Se a minha lista de filmes a assistir falasse
Existe um local onde os filmes que quero assistir entram para nunca mais sair, uma espécie de Caverna do Dragão cinematográfica. Só que o que deveria ser um porto seguro para não perder tempo rolando timelines infinitas, se torna um daqueles monstros gelatinosos dos filmes do século passado que vão engolindo tudo pelo caminho e crescendo até se tornarem seres incontroláveis.
É na seção minha lista dos serviços de streaming que eu coloco produções que parecem razoavelmente interessantes numa quarentena onde quase nada consegue ver a luz dos meus olhos.
Se a minha lista de filmes a assistir falasse, ela pediria mais justiça. Ela diria que clássicos são clássicos não é à toa e que velho é o mundo. Vivemos num estado de urgência tão insano, que uma produção lançada no mês passado já é velha demais para ser lembrada.
Nunca parece a hora certa para ver o vencedor do Oscar de 1971, ou aquele filme cinco estrelas de 1932 que o mundo inteiro já assistiu, menos você. Doi menos fingir que você já o viu, dar respostas vagas ou desconversar do que sentar no sofá ou deitar na cama com o celular encostado entre os travesseiros para, finalmente, corrigir uma suposta falha de caráter.
“Como assim você nunca assistiu Cidadão Kane?”
“O Poderoso Chefão é o melhor filme de todos os tempos. Ah para, todo mundo já assistiu. Você tá brincando… não é?”
Se a minha de filmes a assistir falasse, ela diria que preferia não ter nem nascido. Para que viver uma vida sem propósito? Ela diria que o pior sentimento que alguém pode possuir é o de inadequação, aquele aperto vazio que surge no peito quando ela acorda para mais um dia achando que não serve para nada.
Tem dias que acordo animado e começo a fazer uma limpa. Removo filmes que achei que queria ver, mas sinto que não quero mais. Finjo que estava fora de mim no dia e vou limpando tudo até restarem meia dúzia deles. Com 20 ou 30 fica difícil escolher, mas com poucos títulos parece que é algo finito e possível. Deixo naquele ponto que fica tudo factível, em que uma semana parece o suficiente para zerar a lista e seguir em paz com a minha vida.
Só que a semana seguinte chega com novidades e você não tem apenas uma lista, são várias espalhadas por aí. Novas fornadas chegam e todos os serviços despejam toneladas de novos (ou recauchutados) títulos. Você não vai dar conta de tudo, você é humano (ou pelo menos acredita que é).

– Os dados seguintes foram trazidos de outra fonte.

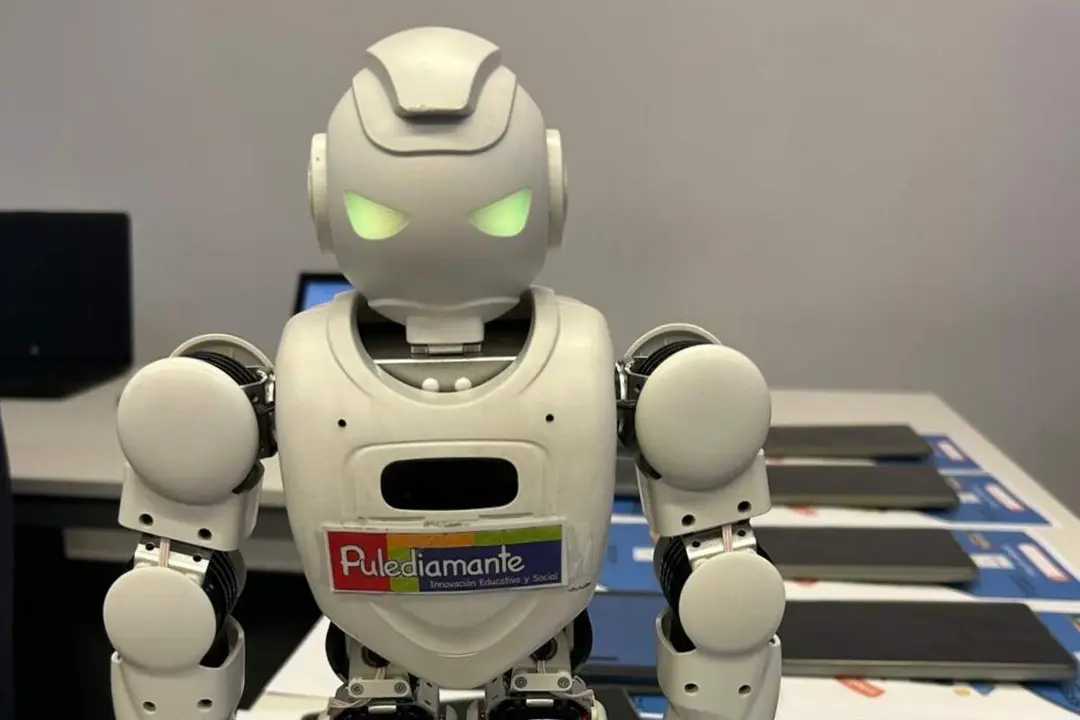 Robot inteligencia artificial Feria Minigenia jovenes Diputacion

Você quer apenas olhar melhor uma capa ou ler a sinopse de um dos integrantes daquela lista de nome inusitado e divertido que o seu serviço de streaming criou, mas sem pedir licença rola uma cena em background. Um drone faz uma tomada aérea linda na floresta, você precisa ver isto, mas fica na dúvida. Essa dúvida gera uma criança com uma voz mansa que cutuca sua mente e te faz apertar o ‘+’ para adicionar à sua lista. Você ainda não sabe, mas essa criança se transformará logo mais num monstro gelatinoso.
Um ciclo sem fim de coisas que você nunca vai ter tempo de terminar, 1001 filmes para você morrer antes de ver.